The Garratyverse

Let’s start with a confession: I didn’t set out to create a literary universe. I didn’t even set out to coin a term. “Garratyverse” began as a tongue-in-cheek nickname—a playful way to refer to the two deeply personal stories I’d written about Jim Garraty, a character who’s equal parts emotionally constipated and quietly profound. It was shorthand. A joke. A way to avoid saying “the Reunion Duology” for the hundredth time.

And then something happened.

I wrote a third story.

And I Googled “The Garratyverse.”

🪐 The Birth of a Universe (Accidental, but Emotionally Valid)

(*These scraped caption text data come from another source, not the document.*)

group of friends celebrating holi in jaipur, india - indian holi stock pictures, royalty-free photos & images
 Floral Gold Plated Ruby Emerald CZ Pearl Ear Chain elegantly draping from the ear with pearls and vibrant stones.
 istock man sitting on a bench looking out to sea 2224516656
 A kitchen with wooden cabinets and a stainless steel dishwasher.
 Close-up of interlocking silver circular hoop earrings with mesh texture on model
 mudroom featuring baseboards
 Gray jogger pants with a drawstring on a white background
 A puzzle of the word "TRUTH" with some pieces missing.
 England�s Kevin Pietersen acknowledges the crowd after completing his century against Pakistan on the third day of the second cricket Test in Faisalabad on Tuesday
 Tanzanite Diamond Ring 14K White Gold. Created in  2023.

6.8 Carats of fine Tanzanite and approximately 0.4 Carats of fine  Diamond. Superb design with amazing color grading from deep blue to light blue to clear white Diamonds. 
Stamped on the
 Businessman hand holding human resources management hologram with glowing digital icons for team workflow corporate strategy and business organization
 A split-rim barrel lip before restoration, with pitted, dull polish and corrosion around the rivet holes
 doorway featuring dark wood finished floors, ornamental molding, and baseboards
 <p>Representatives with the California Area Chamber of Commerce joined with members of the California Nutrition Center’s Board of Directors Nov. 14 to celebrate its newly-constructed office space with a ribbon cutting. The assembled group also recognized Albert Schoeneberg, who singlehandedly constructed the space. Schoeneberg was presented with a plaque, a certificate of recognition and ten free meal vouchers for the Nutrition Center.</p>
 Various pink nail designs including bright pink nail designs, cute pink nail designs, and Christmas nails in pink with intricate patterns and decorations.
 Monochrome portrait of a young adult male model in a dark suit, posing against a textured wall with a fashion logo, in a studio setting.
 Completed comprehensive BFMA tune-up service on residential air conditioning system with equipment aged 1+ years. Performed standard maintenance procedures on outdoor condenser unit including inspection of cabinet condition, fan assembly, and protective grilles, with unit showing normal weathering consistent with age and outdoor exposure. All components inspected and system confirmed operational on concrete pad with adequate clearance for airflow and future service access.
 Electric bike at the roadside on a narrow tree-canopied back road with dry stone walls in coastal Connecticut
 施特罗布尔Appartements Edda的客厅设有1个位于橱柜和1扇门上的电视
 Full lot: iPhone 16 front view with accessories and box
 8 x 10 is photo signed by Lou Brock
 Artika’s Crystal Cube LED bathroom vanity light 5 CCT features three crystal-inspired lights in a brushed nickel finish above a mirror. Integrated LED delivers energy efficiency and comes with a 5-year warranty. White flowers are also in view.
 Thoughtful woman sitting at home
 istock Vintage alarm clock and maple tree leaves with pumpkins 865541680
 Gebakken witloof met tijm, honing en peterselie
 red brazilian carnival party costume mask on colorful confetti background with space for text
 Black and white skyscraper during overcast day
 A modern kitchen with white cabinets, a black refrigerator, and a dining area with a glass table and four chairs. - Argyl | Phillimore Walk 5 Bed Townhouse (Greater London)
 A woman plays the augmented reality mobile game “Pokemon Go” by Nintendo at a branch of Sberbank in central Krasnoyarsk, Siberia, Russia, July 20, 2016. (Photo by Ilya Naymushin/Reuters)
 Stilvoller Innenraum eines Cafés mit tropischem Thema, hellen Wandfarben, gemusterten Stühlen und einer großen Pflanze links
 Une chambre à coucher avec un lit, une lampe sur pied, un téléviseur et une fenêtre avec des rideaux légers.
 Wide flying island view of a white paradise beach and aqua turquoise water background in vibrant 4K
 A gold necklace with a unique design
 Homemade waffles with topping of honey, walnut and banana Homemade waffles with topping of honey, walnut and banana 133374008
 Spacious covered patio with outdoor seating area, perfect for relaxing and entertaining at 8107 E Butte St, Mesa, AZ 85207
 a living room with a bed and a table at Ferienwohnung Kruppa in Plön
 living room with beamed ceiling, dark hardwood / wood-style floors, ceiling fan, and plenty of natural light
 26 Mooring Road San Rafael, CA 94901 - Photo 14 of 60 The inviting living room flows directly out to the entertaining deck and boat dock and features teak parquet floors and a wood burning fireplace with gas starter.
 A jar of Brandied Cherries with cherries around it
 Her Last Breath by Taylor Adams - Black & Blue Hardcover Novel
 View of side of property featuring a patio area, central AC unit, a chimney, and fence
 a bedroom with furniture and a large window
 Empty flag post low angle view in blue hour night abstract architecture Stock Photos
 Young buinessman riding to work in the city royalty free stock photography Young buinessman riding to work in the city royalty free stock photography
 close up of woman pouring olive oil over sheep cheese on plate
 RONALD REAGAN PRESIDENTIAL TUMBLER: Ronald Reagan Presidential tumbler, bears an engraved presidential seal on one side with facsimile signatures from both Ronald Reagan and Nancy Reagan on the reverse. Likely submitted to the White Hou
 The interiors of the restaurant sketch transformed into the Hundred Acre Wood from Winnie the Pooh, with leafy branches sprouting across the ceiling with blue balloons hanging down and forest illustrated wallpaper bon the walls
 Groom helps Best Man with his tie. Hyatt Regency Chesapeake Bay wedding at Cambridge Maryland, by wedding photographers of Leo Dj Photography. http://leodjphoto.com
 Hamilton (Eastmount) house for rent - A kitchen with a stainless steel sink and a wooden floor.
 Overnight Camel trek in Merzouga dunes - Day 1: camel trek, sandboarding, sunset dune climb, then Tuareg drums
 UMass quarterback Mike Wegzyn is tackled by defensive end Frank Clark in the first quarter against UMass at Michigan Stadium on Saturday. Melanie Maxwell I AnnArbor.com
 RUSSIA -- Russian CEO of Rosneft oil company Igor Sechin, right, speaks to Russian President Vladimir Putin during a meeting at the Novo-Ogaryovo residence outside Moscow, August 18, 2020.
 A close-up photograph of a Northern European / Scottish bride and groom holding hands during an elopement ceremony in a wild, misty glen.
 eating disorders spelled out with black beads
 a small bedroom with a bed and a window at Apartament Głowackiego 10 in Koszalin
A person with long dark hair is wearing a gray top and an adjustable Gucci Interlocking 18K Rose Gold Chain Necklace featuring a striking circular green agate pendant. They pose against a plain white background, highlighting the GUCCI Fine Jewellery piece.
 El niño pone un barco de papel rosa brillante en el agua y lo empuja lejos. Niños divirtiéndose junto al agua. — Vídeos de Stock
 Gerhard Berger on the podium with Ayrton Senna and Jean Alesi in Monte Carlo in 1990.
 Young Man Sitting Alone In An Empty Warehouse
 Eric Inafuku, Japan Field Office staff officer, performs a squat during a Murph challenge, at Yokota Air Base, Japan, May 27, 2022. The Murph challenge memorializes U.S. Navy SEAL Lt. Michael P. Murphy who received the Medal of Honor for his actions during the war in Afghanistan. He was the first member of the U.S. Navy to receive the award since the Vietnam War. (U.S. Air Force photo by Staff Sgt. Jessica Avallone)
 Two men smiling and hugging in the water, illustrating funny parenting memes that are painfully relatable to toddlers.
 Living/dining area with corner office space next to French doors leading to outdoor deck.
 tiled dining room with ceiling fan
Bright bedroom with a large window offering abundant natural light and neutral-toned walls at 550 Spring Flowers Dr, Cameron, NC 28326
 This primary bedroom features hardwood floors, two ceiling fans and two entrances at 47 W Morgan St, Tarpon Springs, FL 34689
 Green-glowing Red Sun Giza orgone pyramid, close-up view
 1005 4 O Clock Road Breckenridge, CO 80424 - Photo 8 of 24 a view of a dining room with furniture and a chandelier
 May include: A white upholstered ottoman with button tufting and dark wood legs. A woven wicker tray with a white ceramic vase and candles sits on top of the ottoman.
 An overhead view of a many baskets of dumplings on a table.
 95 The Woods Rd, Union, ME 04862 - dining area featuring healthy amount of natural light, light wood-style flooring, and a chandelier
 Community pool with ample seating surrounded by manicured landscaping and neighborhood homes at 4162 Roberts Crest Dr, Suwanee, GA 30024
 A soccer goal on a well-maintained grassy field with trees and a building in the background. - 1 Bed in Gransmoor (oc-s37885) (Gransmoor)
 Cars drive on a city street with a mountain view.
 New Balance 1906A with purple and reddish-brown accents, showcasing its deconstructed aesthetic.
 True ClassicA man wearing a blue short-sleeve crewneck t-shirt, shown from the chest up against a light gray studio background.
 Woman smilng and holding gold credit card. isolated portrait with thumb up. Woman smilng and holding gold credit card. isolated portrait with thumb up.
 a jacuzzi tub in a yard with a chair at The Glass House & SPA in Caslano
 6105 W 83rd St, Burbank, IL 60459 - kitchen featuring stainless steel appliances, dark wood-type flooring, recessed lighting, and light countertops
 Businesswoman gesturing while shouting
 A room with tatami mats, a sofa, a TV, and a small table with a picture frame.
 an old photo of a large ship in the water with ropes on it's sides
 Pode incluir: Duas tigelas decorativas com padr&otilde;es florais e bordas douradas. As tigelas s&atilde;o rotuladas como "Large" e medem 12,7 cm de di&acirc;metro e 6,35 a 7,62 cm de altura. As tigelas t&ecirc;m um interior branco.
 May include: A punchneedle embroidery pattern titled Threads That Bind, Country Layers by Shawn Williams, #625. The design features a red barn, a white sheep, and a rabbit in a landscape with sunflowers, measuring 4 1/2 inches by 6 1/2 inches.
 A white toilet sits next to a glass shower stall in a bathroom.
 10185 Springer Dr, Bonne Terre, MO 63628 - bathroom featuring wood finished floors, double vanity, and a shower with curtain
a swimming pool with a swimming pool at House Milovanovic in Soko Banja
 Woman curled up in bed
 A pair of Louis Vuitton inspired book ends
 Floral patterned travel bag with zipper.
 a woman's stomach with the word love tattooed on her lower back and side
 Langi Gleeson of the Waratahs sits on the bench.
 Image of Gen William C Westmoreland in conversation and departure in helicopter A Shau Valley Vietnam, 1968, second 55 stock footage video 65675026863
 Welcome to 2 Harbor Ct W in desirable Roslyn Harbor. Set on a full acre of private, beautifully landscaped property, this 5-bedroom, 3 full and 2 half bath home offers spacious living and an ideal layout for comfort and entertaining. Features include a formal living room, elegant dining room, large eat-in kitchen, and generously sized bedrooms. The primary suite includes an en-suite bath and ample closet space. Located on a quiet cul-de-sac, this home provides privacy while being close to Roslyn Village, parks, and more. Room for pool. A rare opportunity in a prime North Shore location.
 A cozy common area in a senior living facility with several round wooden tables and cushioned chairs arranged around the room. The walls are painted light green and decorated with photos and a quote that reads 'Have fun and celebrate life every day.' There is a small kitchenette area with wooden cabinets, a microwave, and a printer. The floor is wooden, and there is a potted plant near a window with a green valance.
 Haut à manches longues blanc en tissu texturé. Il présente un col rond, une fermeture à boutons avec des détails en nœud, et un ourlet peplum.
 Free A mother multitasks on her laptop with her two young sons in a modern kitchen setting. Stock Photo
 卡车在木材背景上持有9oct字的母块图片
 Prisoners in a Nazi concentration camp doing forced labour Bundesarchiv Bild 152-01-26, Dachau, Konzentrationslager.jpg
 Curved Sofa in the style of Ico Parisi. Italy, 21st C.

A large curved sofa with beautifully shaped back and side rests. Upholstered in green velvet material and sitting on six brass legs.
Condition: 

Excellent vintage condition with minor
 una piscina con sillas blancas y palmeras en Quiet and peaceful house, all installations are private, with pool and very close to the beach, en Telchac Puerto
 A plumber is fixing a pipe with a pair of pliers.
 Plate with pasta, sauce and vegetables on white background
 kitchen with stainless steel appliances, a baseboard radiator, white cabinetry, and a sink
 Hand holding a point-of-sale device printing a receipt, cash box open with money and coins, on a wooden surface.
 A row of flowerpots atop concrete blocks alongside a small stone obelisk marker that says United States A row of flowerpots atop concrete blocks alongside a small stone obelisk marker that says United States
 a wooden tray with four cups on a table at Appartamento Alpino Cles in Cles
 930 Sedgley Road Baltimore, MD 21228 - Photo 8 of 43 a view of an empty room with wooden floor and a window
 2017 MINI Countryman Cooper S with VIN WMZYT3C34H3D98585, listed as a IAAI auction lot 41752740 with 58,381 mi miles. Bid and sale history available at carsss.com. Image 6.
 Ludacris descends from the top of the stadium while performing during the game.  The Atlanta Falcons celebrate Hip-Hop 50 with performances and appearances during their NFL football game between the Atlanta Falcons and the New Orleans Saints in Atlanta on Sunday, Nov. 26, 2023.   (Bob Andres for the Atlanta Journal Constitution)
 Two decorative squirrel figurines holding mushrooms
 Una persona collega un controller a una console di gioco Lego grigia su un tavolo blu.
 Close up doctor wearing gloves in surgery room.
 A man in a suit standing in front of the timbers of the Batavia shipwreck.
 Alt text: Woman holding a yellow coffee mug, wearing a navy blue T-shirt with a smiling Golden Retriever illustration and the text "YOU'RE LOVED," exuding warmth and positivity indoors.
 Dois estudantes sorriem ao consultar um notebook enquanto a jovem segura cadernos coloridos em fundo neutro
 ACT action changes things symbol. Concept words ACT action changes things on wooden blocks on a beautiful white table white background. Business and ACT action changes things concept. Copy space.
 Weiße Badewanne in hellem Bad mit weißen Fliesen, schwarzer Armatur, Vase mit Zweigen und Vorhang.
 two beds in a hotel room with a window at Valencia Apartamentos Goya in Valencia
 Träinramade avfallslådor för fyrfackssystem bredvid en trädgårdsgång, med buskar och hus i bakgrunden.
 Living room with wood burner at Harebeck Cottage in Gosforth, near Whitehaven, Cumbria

Originally, the Garratyverse referred only to the Reunion Duology—two works that follow Jim Garraty from high school heartbreak to middle-aged reckoning. But when I added Comings and Goings – The Art of Being Seen, a standalone short story set in 1984 Boston, something shifted. Suddenly, Jim’s emotional journey had a new dimension. A new moment of connection. A new reason to call this more than just a duology.

Then I did what any self-respecting writer does when procrastinating: I searched “Garratyverse” on Google and Bing. And to my surprise, it was there. Mostly from my blog posts—but still out in the wild. Search engines recognized it. The Garratyverse had become a thing.

So now, with a mix of pride and mild embarrassment, I present this guide to navigating the Garratyverse. Because if I’m going to accidentally create a universe, I might as well help you find your way through it.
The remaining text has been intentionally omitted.